Still toying with things. Today I made a new star shader!

It's purely mathematically based, too, not using a star sprite like before, which makes it a lot more customizable than the old one.

Just catching up here.  Beautiful work with the atmosphere, the rings, the new stars!  I very much like that you're using actual stellar data for your stars and that the shader is so dynamic that you can swap out or modify datasets.  But I also like that your'e not being a slave to simulation - that you're doing simulation in service of your aesthetic and gameplay goals.  Walking the line between verisimilitude and expression is a tough balancing act.

Thank you. That's really one of the biggest goals overall, to keep that balance.

Are you doing any instancing stuff in your rings and stars shaders? 

Yes, for the rings - it's all rendered as a single pass of an instanced rock mesh. Instancing blows my mind with how fast it is. The stars are different though, they use fully procedural geometry - the real star positions have an offset calculated to put them relative to the viewpoint, then that's used to draw a point, and then a geometry shader generates a quad for every point to act as a canvas for the pixel shader. There's basically no performance impact to it, which is nice.

The most performance intensive part of both systems is population and data transfer. Sending the data from CPU to GPU for rendering 10,000 or 50,000 rocks or 100,000 stars all at once is very costly by comparison. It's not so bad for the stars, because the updates are fairly infrequent, and they only work with a smaller subset of the data each time. In the case of the rings though, their positions have to be updated every frame due to the fact every rock is moving independently, and the player moving relative to them. Although, truthfully, rings are very much on the backburner for now.
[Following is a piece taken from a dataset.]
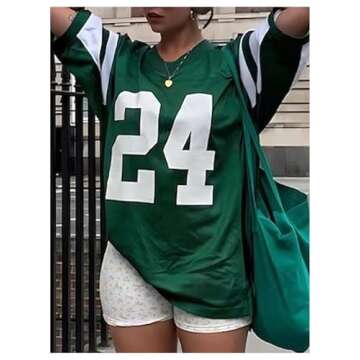 GORGLITTER Women's Oversized Jersey Number Graphic Short Sleeve Crew Neck T Shirt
Populating the ring particles is an order of magnitude more expensive than any other part of the chain there, and the faster you move, the heavier the population gets. It's not so bad if you move slowly relative to the orbital velocity of them, but if you sit stationary while the particles orbit below you, it can get extremely slow because it keeps repopulating effectively the entire visible radius of particles (of which there can easily be tens of thousands every frame). So I need to come up with another method. Or, hell, maybe even just disable the particles if you're going too fast. Or something that only spawns in a few hundred per frame max.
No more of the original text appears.